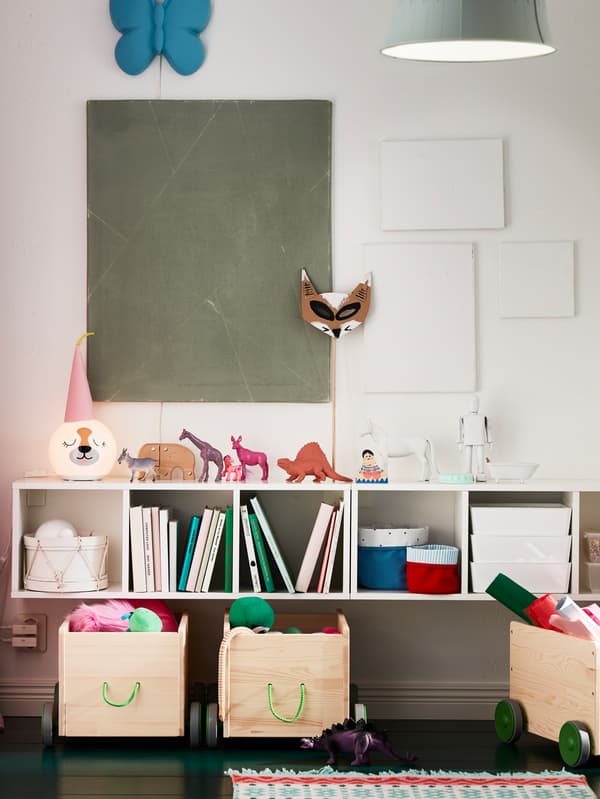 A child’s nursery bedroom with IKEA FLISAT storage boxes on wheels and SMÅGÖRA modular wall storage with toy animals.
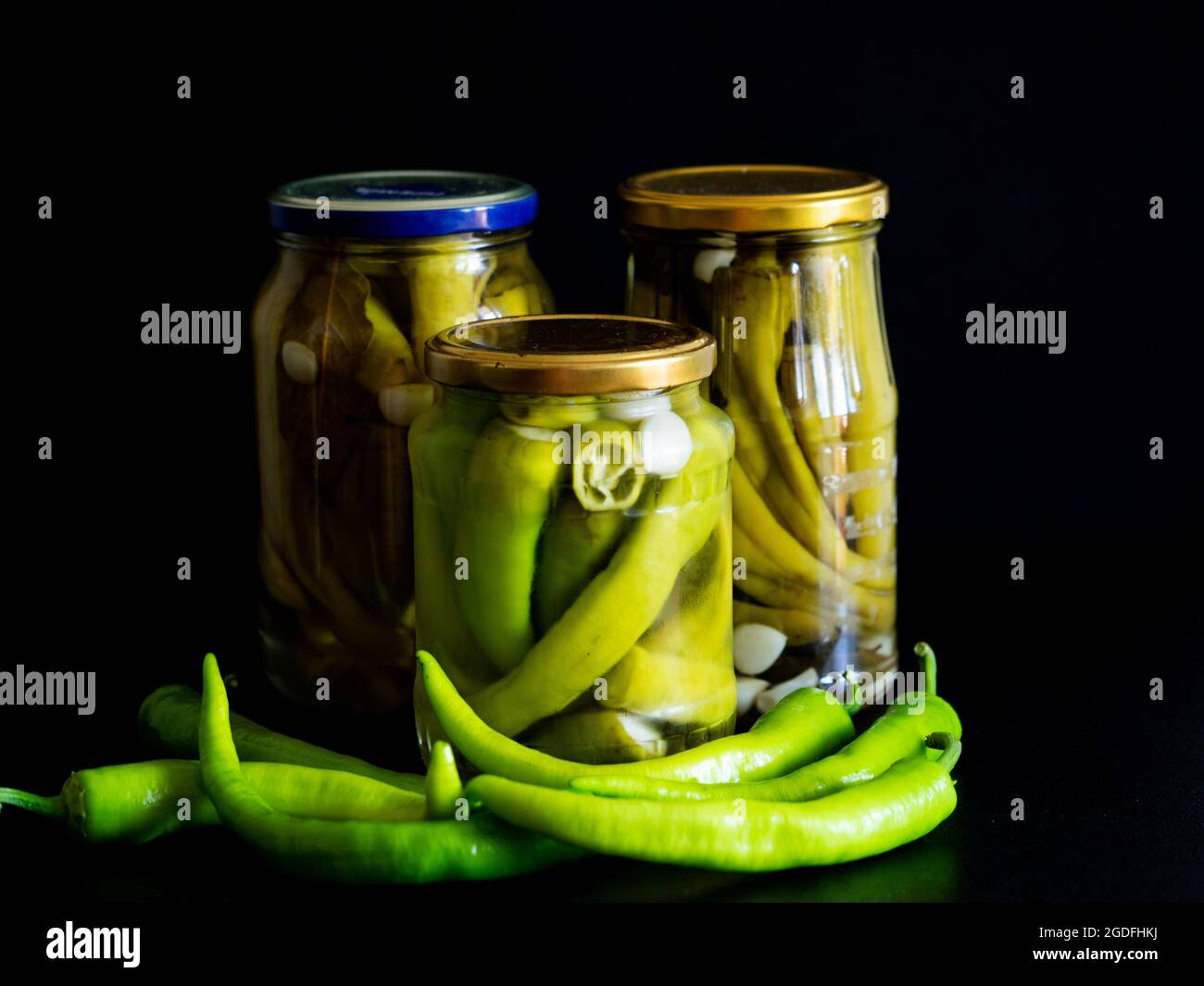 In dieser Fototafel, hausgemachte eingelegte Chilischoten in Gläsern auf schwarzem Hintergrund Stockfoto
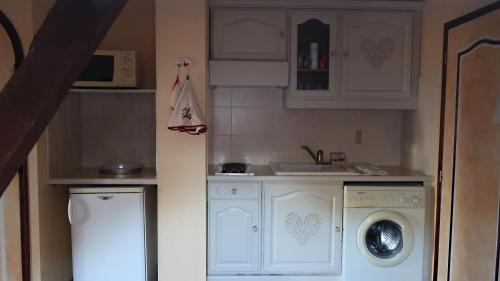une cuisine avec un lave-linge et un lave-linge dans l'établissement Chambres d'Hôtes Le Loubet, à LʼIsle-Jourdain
☆ ☆ ☆ ☆ ☆ ☆ ☆
_Your task_. Could you retype the whole listing word for word, minus its pictures?

_Exercise output_.
 A child’s nursery bedroom with IKEA FLISAT storage boxes on wheels and SMÅGÖRA modular wall storage with toy animals.
 In dieser Fototafel, hausgemachte eingelegte Chilischoten in Gläsern auf schwarzem Hintergrund Stockfoto
une cuisine avec un lave-linge et un lave-linge dans l'établissement Chambres d'Hôtes Le Loubet, à LʼIsle-Jourdain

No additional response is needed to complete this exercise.